(Caption-style text data)
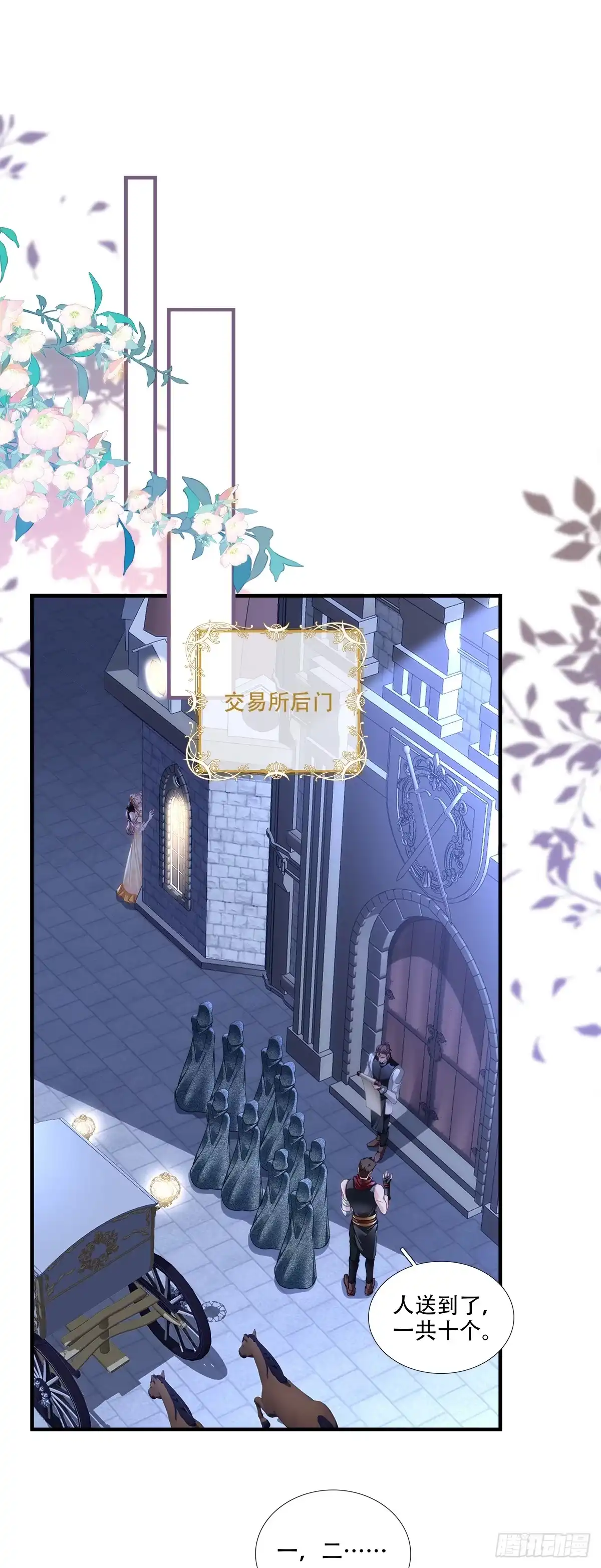 《双面魔女的恶役皇太子》不期而遇！ 第20页
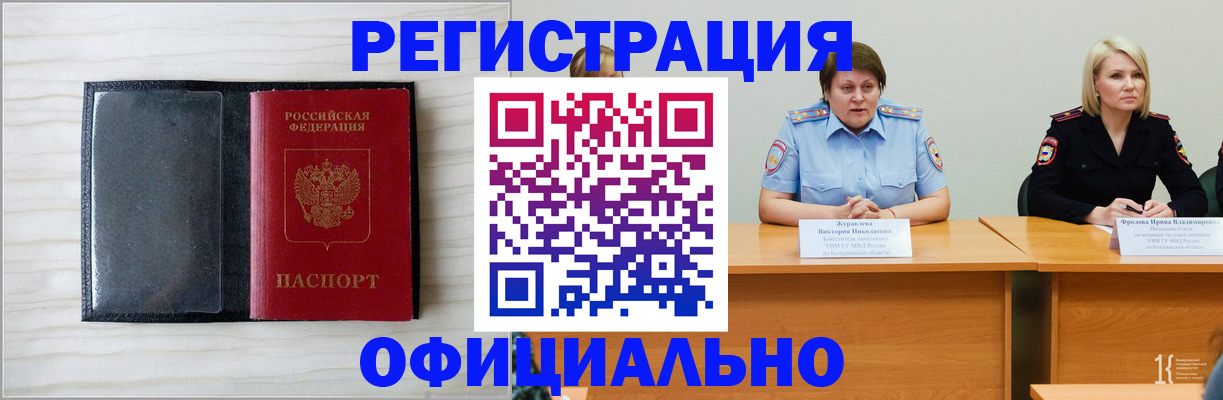 пропишу в квартире в Хасавюрте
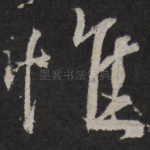 惟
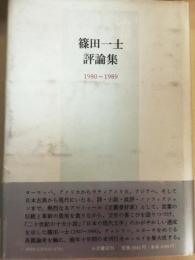 篠田一士評論集 : 1980〜1989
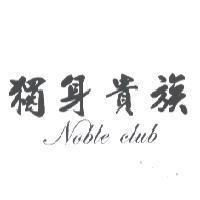 獨身貴族 Noble club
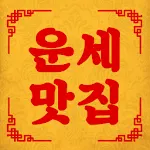 운세 맛집 - 오늘의 운세와 만세력 | Indus Appstore | App Icon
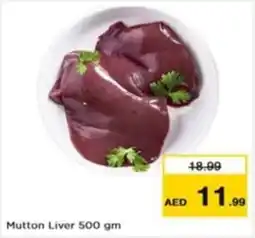 Nesto Mutton Liver 500 gm offer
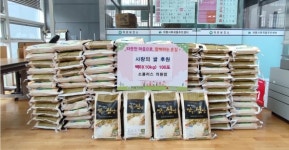 소플러스 의왕점, 부곡동주민센터에 백미 100포 기부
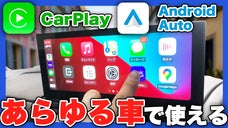 あらゆる車で使えるスマホCarPlay対応ポータブルナビ【ChillBase】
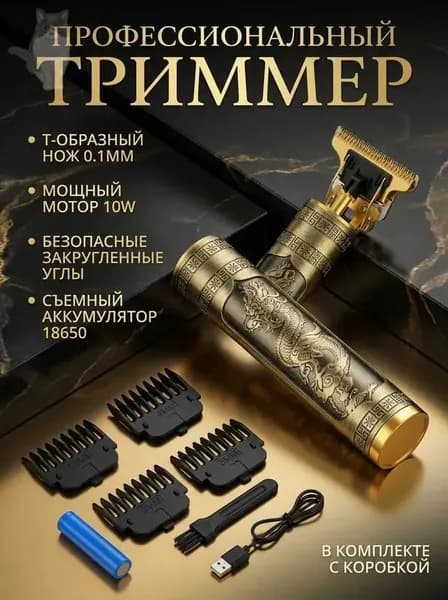 Машинка для стрижки Электрический триммер для бороды и усов волос профессиональная окантовочная беспроводная бритва мужская 0.1 мм металлический корпус, золотой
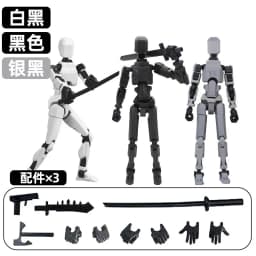 13 Action Figure Titan Multi-Jointed Movable Shapeshift Robot T13 Action Mannequin Character And Dog Figure Toys Gifts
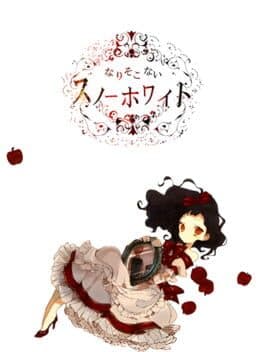 Narisokonai Snow White cover art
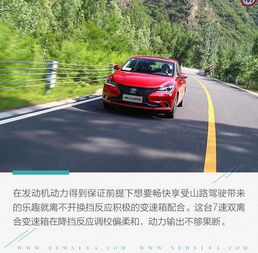 汽车试车速度多少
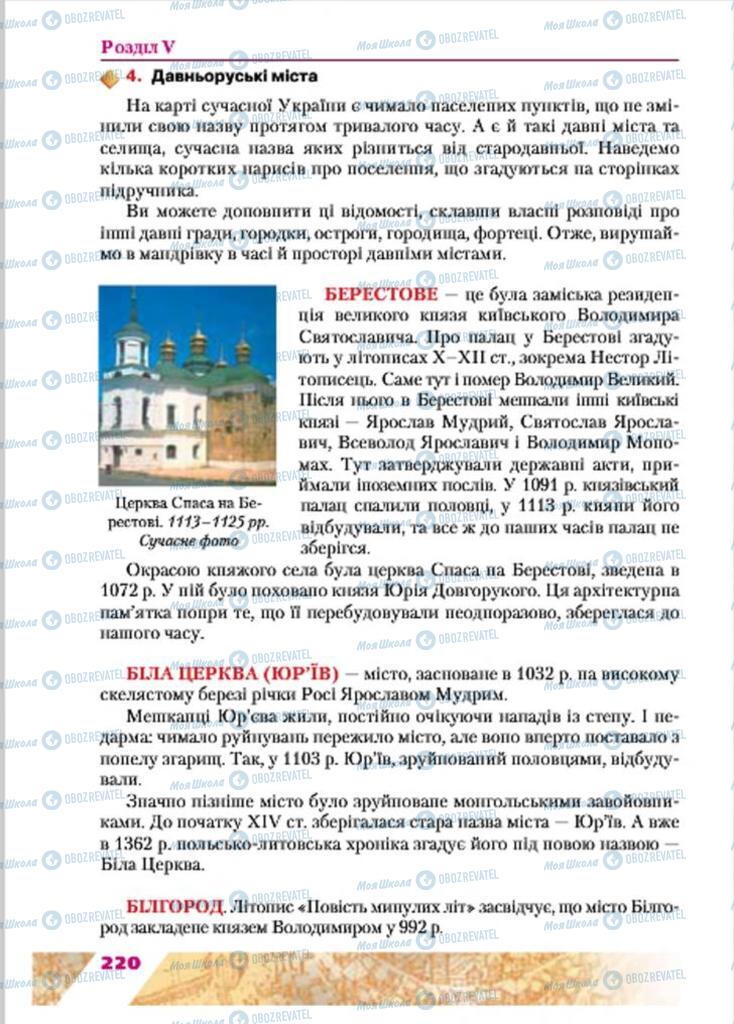 Підручники Історія України 7 клас сторінка 220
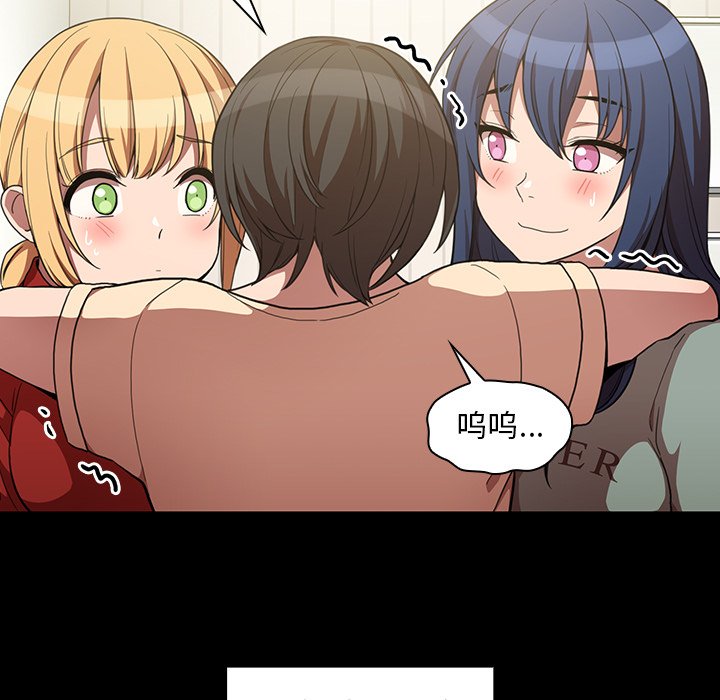 第48话 第 79 页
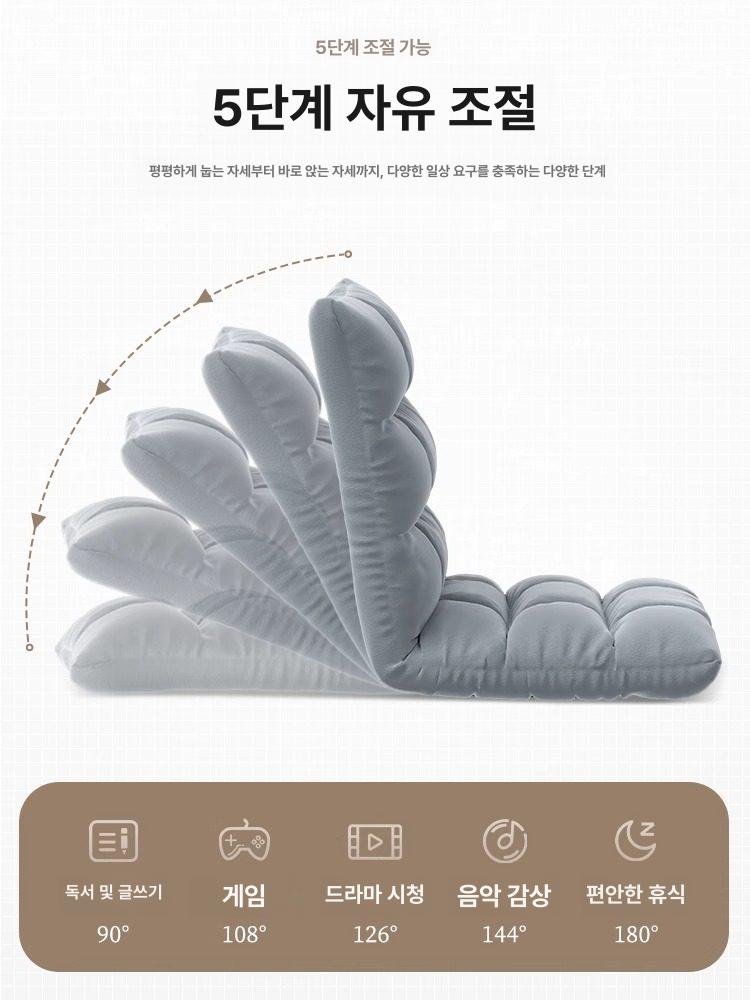 1인용 소파 접이식 거실의자 각도조절 등받이 소파베드 폴딩 원룸 리클라이너 - 상세 이미지 4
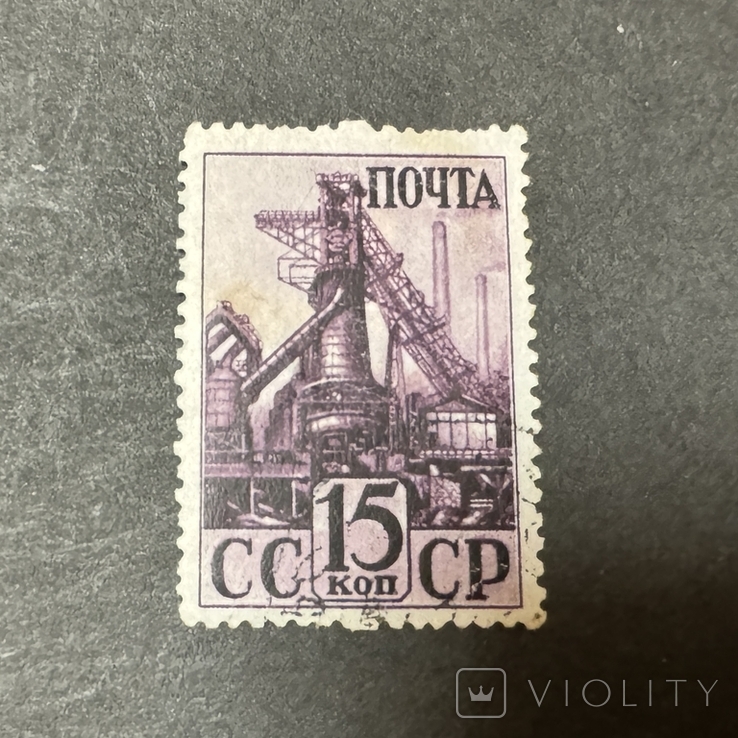 1941, Индустриализация в СССР., фото №2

- WHAT YOU SHOULD DO: All that is wanted is each line, word for word, from the first line of the data to the one holding "あらゆる車で使えるスマホCarPlay対応ポータブルナビ【ChillBase】", with the pictures left out.

- WRITTEN SOLUTION:
 《双面魔女的恶役皇太子》不期而遇！ 第20页
 пропишу в квартире в Хасавюрте
 惟
 篠田一士評論集 : 1980〜1989
 獨身貴族 Noble club
 운세 맛집 - 오늘의 운세와 만세력 | Indus Appstore | App Icon
 Nesto Mutton Liver 500 gm offer
 소플러스 의왕점, 부곡동주민센터에 백미 100포 기부
 あらゆる車で使えるスマホCarPlay対応ポータブルナビ【ChillBase】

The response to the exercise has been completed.